====== Supplied entries

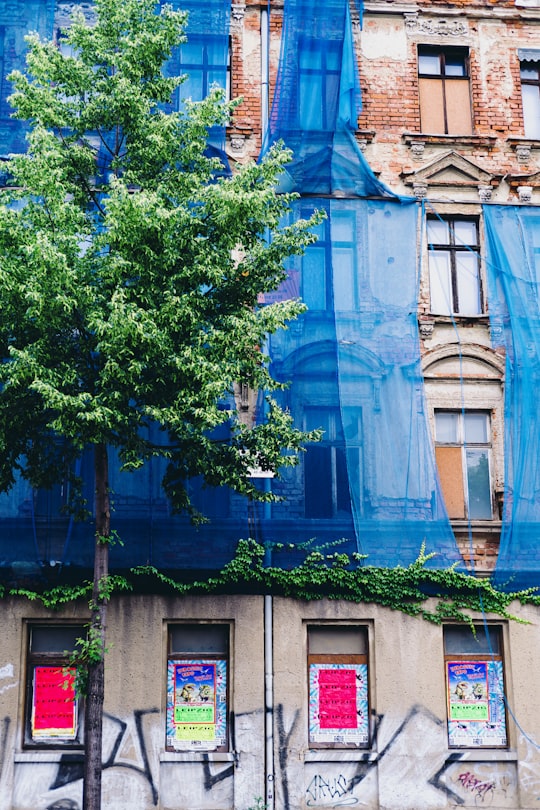 green tree in front of blue concrete building in Leipzig Germany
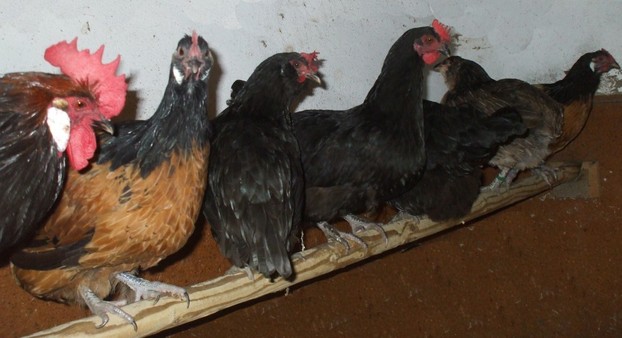 Hühner im Hühnerstall auf der Sitzstange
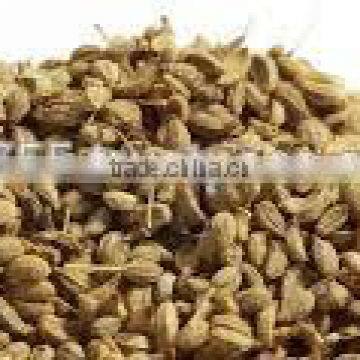 Crude Ajwain Oil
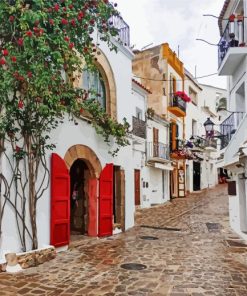 Ibiza Old Streets paint by number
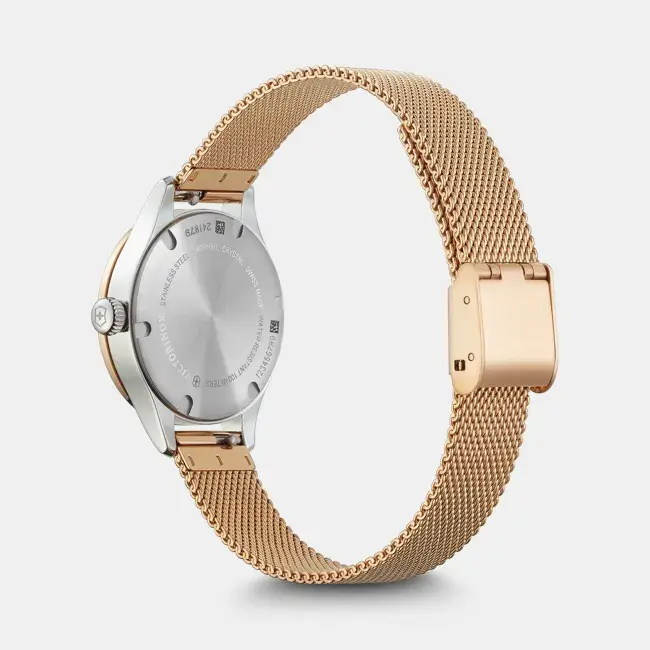 Miniature : Alliance XS V241879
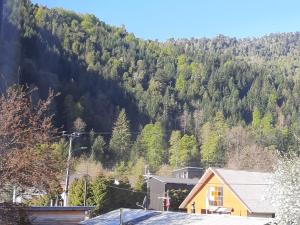 Cabañas Raulies, Neltume.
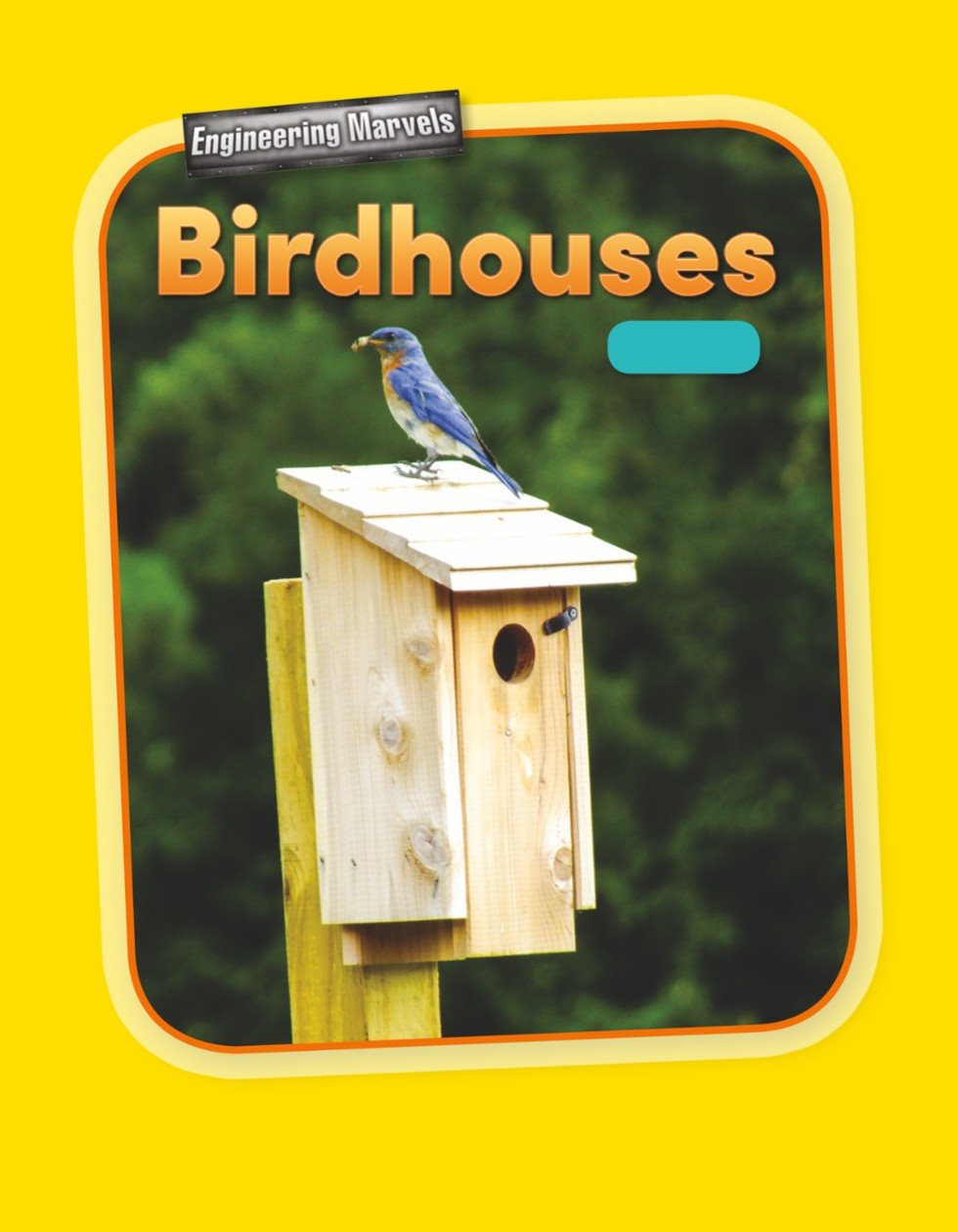 Engineering Marvels Birdhouses Shapes - photo 1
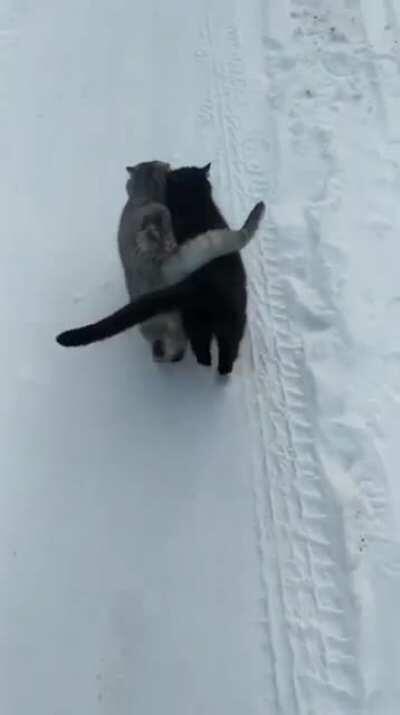 Apparently one of the cats is blind, so they walk this close together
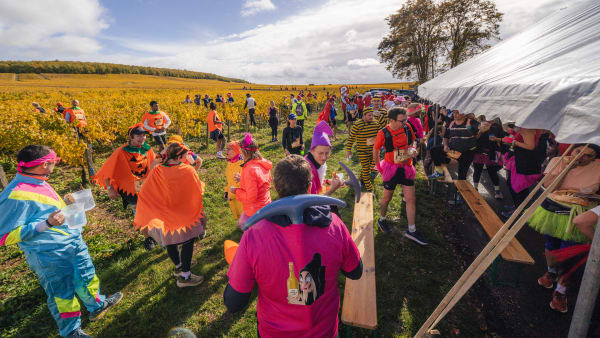 Marathon de Chablis : 4400 coureurs attendus au cœur des vignes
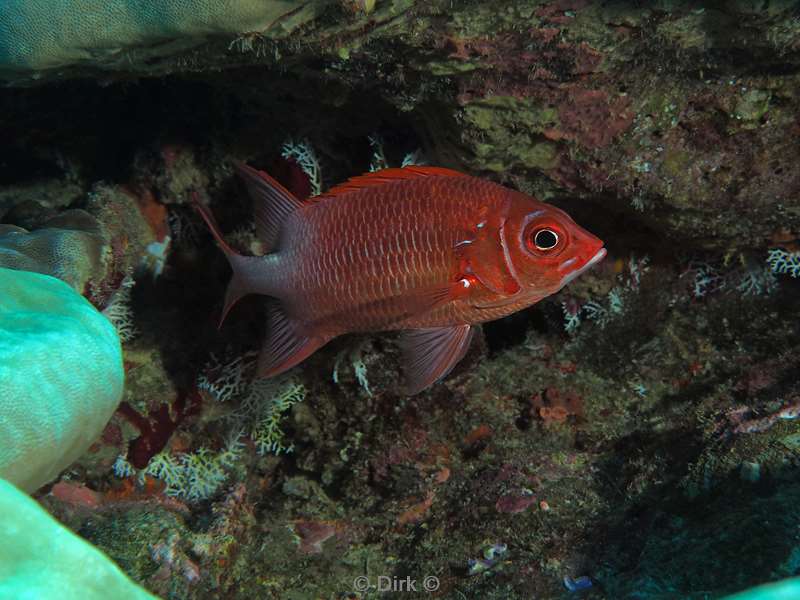 diving christmas island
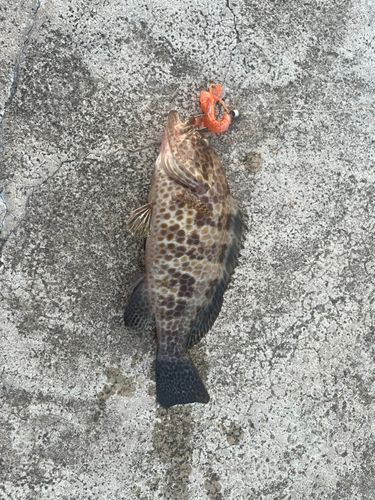 オオモンハタの釣果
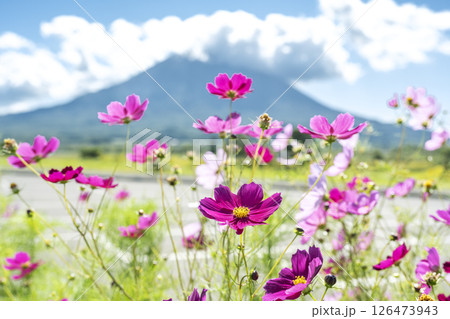 八幡ビューポイントパーキングからの羊蹄山　俱知安町 126473943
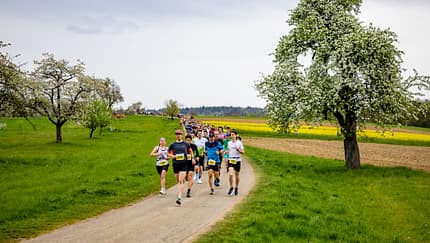 LIWA-LaufEvent Lichtenwald 2025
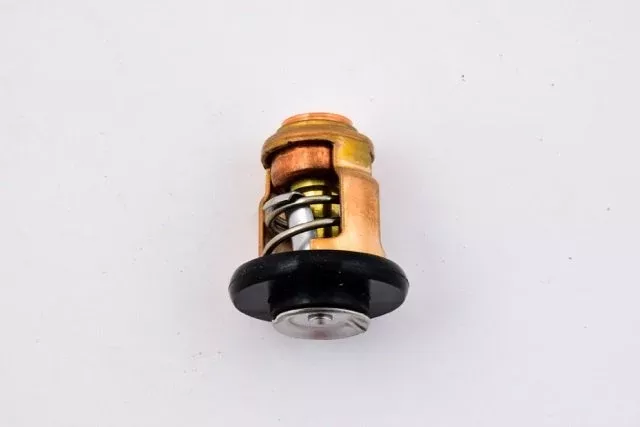 Yamaha F4-6-8-9.9-15-40-50-60 - T50-60 Thermostat 66M-12411-01-00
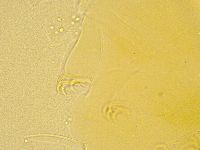 Echiniscus spiniger image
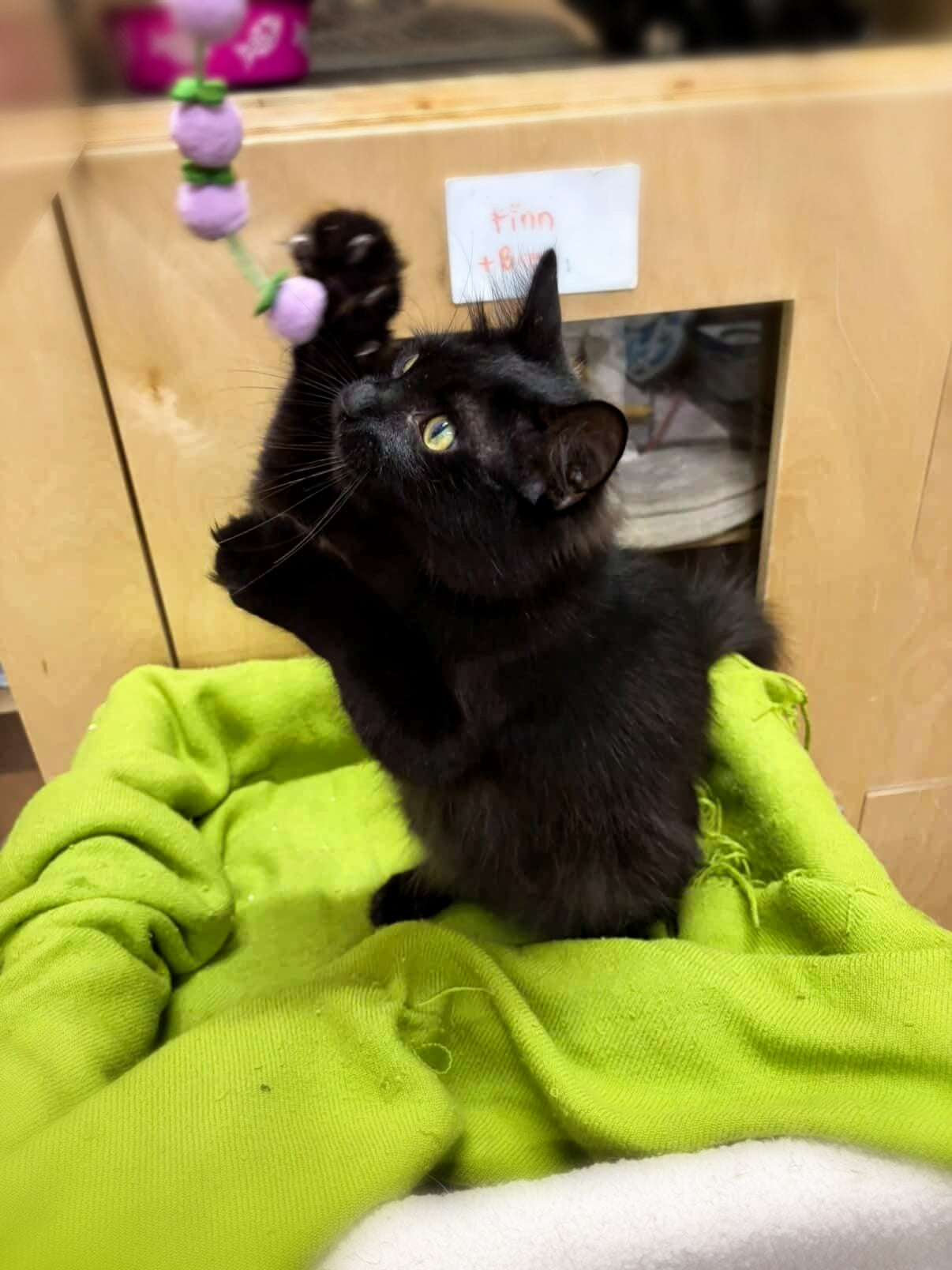 Coco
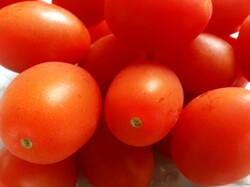 Closeup on cherry tomatoes
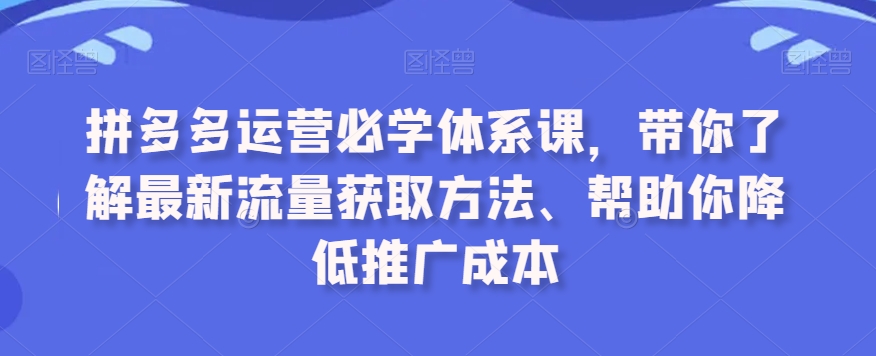 拼多多运营必学体系课，带你了解最新流量获取方法、帮助你降低推广成本-副业库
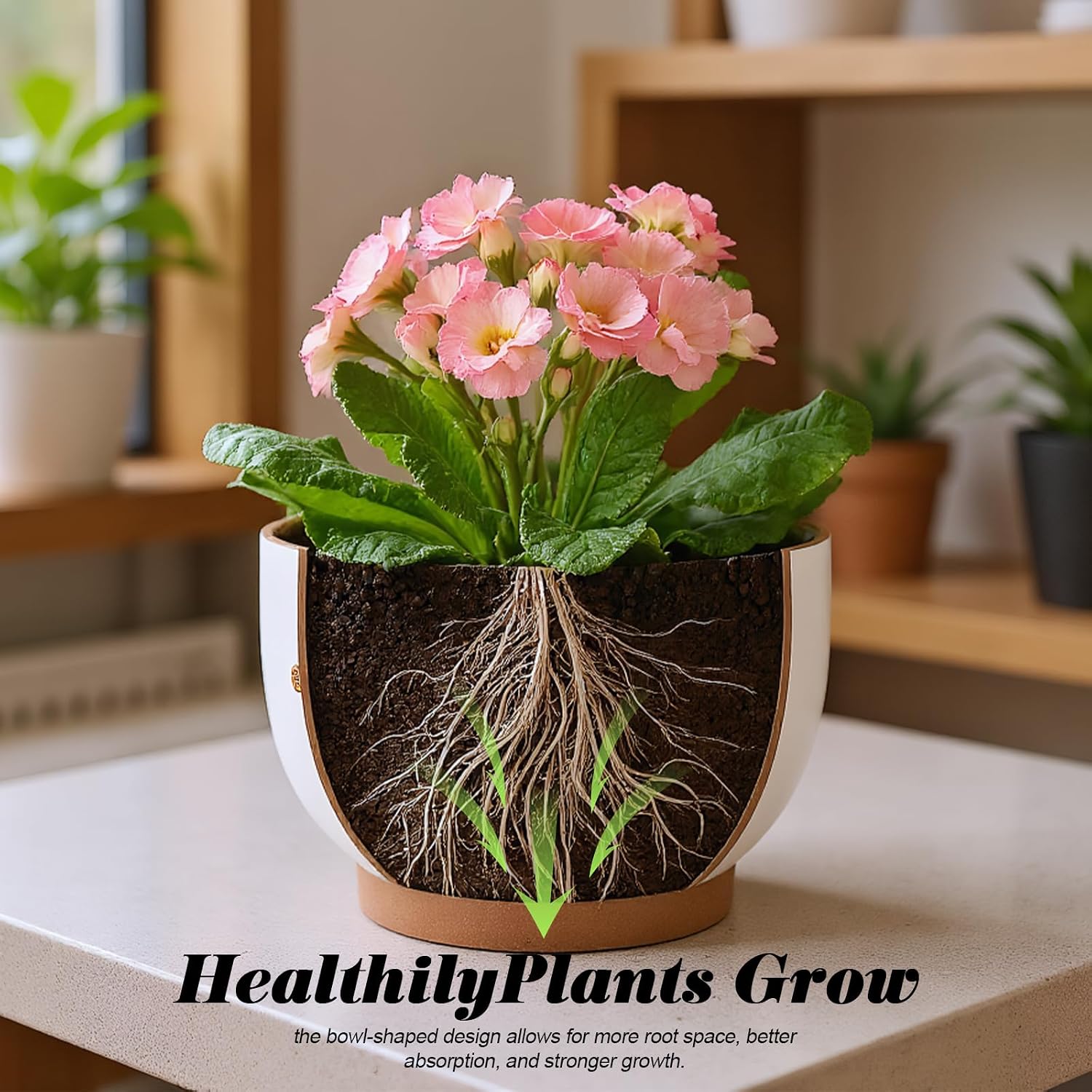 Terracotta Pots, 8+6 Inch Plant Pots, 2 Pcs with Drainage Holes | White & terracotta ceramic planters with botanical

============

- _Work to complete_: Output exactly the lines from the one containing "Apparently one of" through the last line of the records above, both included, leaving out any pictures.

- _Answer box_:
 Apparently one of the cats is blind, so they walk this close together
 Marathon de Chablis : 4400 coureurs attendus au cœur des vignes
 diving christmas island
 オオモンハタの釣果
 八幡ビューポイントパーキングからの羊蹄山　俱知安町 126473943
 LIWA-LaufEvent Lichtenwald 2025
 Yamaha F4-6-8-9.9-15-40-50-60 - T50-60 Thermostat 66M-12411-01-00
 Echiniscus spiniger image
 Coco
 Closeup on cherry tomatoes
 拼多多运营必学体系课，带你了解最新流量获取方法、帮助你降低推广成本-副业库
 Terracotta Pots, 8+6 Inch Plant Pots, 2 Pcs with Drainage Holes | White & terracotta ceramic planters with botanical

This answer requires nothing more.